# [Given information]
--- START ---

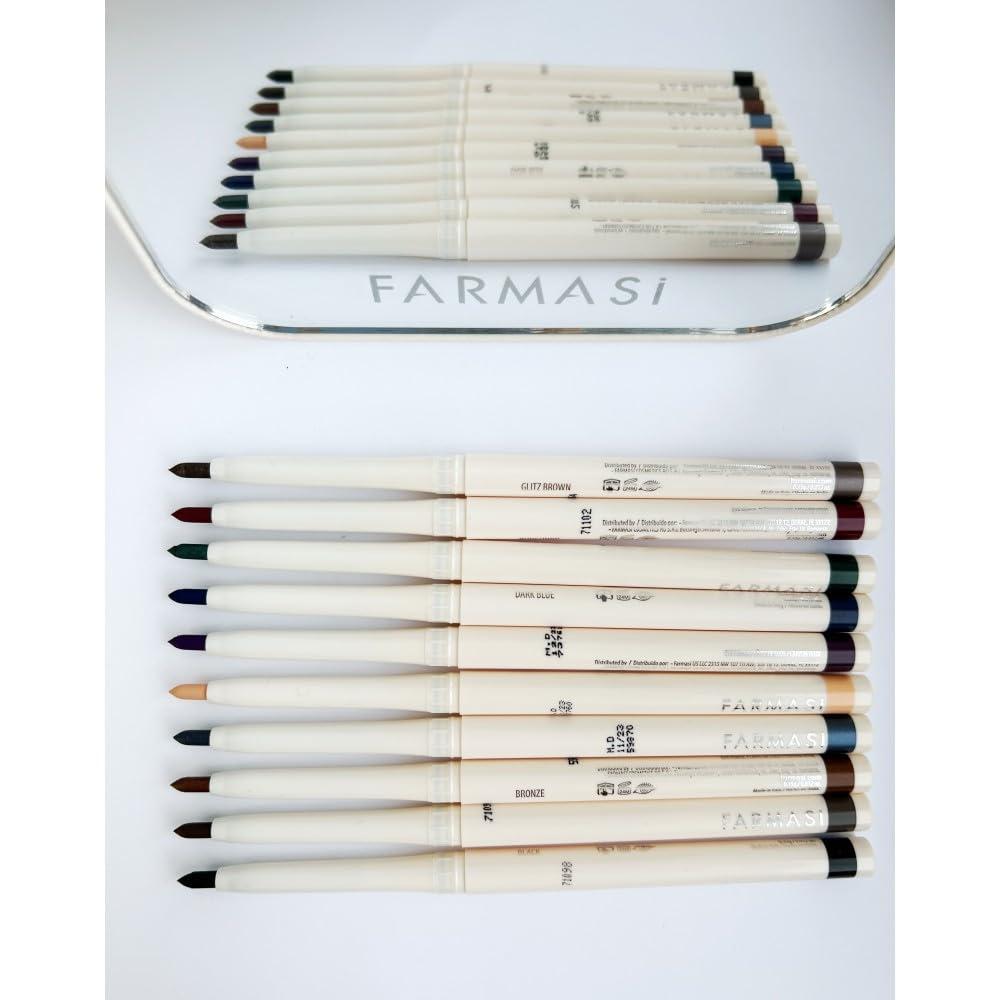 FARMASi FARMASi Eye Pencil, Soft Tissue,Long Lasting, Water-Resistant Eye Liner Pencil in 20 Stunning Shades, Professional Precision for Effortless Elegance, Eye Makeup, Brow Pencil, 0.04 oz, 01 Black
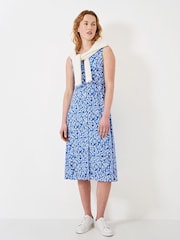 Crew Clothing Blue Ground Sleeveless Jersey Dress - Image 2 of 4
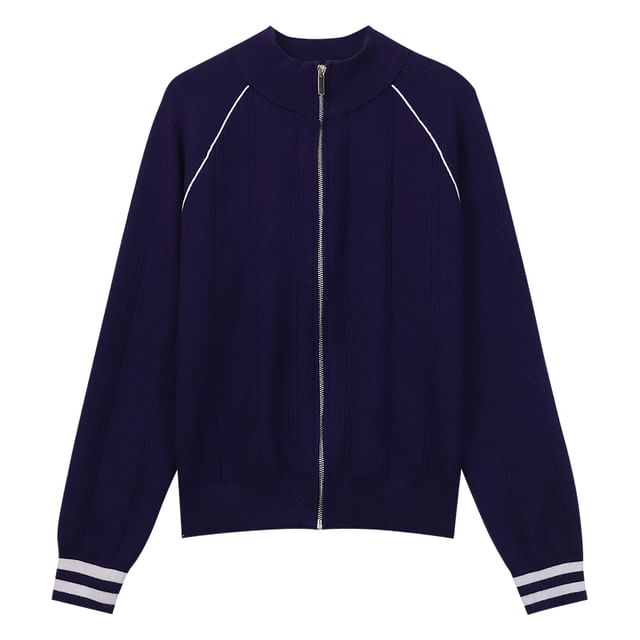 Stand Collar Contrast Trim Zip-Up Cardigan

--- END ---

With the line containing "Crew Clothing Blue" as the first line and the last line of the listing as the final one, reproduce that span exactly, without pictures.

# [Expected answer]
 Crew Clothing Blue Ground Sleeveless Jersey Dress - Image 2 of 4
 Stand Collar Contrast Trim Zip-Up Cardigan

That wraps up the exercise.